Neural Architecture Search (NAS) has demonstrated its efficacy in computer vision and potential for ranking systems. However, prior work focused on academic problems, which are evaluated at small scale under well-controlled fixed baselines. In industry system, such as ranking system in Meta, it is unclear whether NAS algorithms from the literature can outperform production baselines because of: (1) scale - Meta ranking systems serve billions of users, (2) strong baselines - the baselines are production models optimized by hundreds to thousands of world-class engineers for years since the rise of deep learning, (3) dynamic baselines - engineers may have established new and stronger baselines during NAS search, and (4) efficiency - the search pipeline must yield results quickly in alignment with the productionization life cycle.

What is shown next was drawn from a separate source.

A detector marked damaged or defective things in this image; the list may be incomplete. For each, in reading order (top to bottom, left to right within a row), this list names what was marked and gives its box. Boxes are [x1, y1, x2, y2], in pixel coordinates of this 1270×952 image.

In this paper, we present Rankitect, a NAS software framework for ranking systems at Meta. Rankitect seeks to build brand new architectures by composing low level building blocks from scratch. Rankitect implements and improves state-of-the-art (SOTA) NAS methods for comprehensive and fair comparison under the same search space, including sampling-based NAS, one-shot NAS, and Differentiable NAS (DNAS). We evaluate Rankitect by comparing to multiple production ranking models at Meta. We find that Rankitect can discover new models from scratch achieving competitive tradeoff between Normalized Entropy loss and FLOPs. When utilizing search space designed by engineers, Rankitect can generate better models than engineers, achieving positive offline evaluation and online A/B test at Meta scale.